Keen Lab Takes Down iPhone 6S, Nexus 6P at Mobile Pwn2Own

Hackers with Keen Team identified vulnerabilities in iOS 10.1 and Android Nougat at Mobile Pwn2Own this week.

Hackers identified a series of vulnerabilities in Android and iOS to take down a Google Nexus 6P and an Apple iPhone 6S this week at Mobile Pwn2Own.

The mobile version of the popular hacking challenge, put on by Trend Micro and Tipping Point’s Zero Day Initiative, was held in tandem with the PacSecWest security conference in Tokyo, Japan.

Keen Lab, a division of Tencent, made the biggest waves on Wednesday, using two different bugs paired with other weaknesses in Android to install a rogue application on a Nexus NP running the latest operating system, Nougat. The group then performed the same hack two more times, earning $102,500 USD.

Keen Lab attempted to install a rogue app on the iPhone 6S later that day through a series of bugs but due to default configuration settings, the app didn’t persist after a reboot. While it only earned them partial credit in the competition, Zero Day Initiative did elect to purchase the bugs, earning the hackers $60,000.

Keen Lab managed to find success with their third exploit of the day however.

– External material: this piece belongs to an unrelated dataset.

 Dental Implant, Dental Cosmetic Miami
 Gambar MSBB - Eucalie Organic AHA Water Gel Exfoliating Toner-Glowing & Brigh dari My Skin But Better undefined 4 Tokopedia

The group combined a use-after-free bug in the iPhone’s renderer and a memory corruption bug in the sandbox to leak a photo from the phone, earning the hackers an additional $52,500.

Perhaps even more impressive was the fact that Keen Lab was able to carry out both iPhone exploits on an iPhone running iOS 10.1, which had been released the day prior. That update coincidentally fixed a serious vulnerability in the mobile operating system discovered by Marco Grassi, a researcher with the group. Through the bug, which existed in CoreGraphics, an attacker could’ve used a malicious JPEG to achieve arbitrary code execution; Apple fixed the issue through improved memory handling.

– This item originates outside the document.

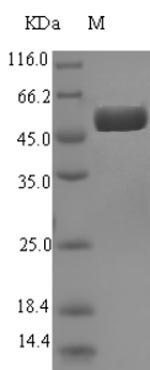 Recombinant Escherichia coli Agmatinase (speB)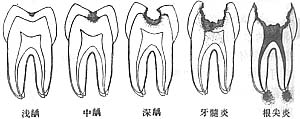 龋齿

A tweet published by Keen Lab Wednesday made it sound like the researchers – Liang Chen, Wayne Liang, Yubin Fu, and Grassi – had to work overnight to perfect the exploit.

Keen Lab earned $215,000 for its exploits and was named Master of Pwn, a title ZDI gives to the contestant that accumulates the most points throughout the contest.

Keen Team’s only competition was a pair of researchers, Robert Miller and Georgi Geshev, from MWR Labs. The two also attempted to install a rogue app on the Nexus 6P but the recent Chrome update, pushed two weeks ago, made the app too unstable. The duo said their exploit worked earlier in the week but couldn’t get it working in the allotted amount of time they were given on Tuesday.

Unlike Pwn2Own, which gives contestants 15 minutes to complete an exploit attempt, contestants have three attempts, each one lasting five minutes, to compromise a device in Mobile Pwn2Own,

Keen Lab, a collective of hackers from China, has been a staple at Pwn2Own competitions for several years now.

The group partnered with PC Manager at Pwn2Own in Vancouver earlier this year to take down Safari on day one of the challenge. On the second day of the competition they used another vulnerability to carry out code execution on Microsoft’s Edge browser.

Keen made headlines again last month after it disclosed a series of bugs to automaker Tesla. The vulnerabilities, which Tesla patched via an over the air update, could have allowed a remote hacker to control a car’s blinkers, side mirrors, car seats, sunroof panel, door locks, and in-vehicle displays.